# My Best Option For Target Shooting and Eventual Competition - 9mm Under $1k



## Slapshot (Jan 20, 2013)

I'm looking ay purchasing a pistol that I can use to spend a lot of time on the range with, and eventually, shoot a bit competitively. The caliber is 9mm, and the budget is anything under $1000.00. Accuracy and reliability are the most important factors. I am considering:


XDM 9mm Competition

CZ75 SP-01 Tactical

FNH FNS-9mm Long Slide

Magnum Research Baby Desert Eagle 2

Sig Sauer P226 Navy


I would greatly appreciate your thoughts on those you have familiarity with. Or am I missing something else I should consider?


----------



## Glock Doctor (Mar 14, 2011)

Of those pistols mentioned my first choice would be the CZ75 SP-01. Me, personally? I wouldn't get the tactical model. (Magazine capacity is too limited; and I'd rather have a safety than a decocker.) My second choice would be the SIG/Sauer P226 (Navy). Given time and extensive use I'd expect the CZ75 to be the most durable. Either pistol has a 22 LR caliber conversion unit available.


----------



## Slapshot (Jan 20, 2013)

Glock Doctor said:


> Of those pistols mentioned my first choice would be the CZ75 SP-01. Me, personally? I wouldn't get the tactical model. (Magazine capacity is too limited; and I'd rather have a safety than a decocker.) My second choice would be the SIG/Sauer P226 (Navy). Given time and extensive use I'd expect the CZ75 to be the most durable. Either pistol has a 22 LR caliber conversion unit available.

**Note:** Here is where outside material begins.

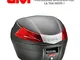 BAULETTO GIVI B34 + E223 PER HONDA SH 300 i 2010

Thanks for your thoughts. I've eliminated the "tactical" option on the SP-01.


----------



## stephenva (Jan 5, 2014)

My Baby Eagle 9mm is my best shooter and I'm new (2 years) back to shooting. My Beretta 92 FS runs second.


----------



## Jayghf1978 (Jun 11, 2013)

I'm with the Glock doctor, don't pass up the CZ.

I have only shot the SP01 once and decided to get a CZ afterwards. I own a P07 (only CZ I could find at the time) and enjoy it very much.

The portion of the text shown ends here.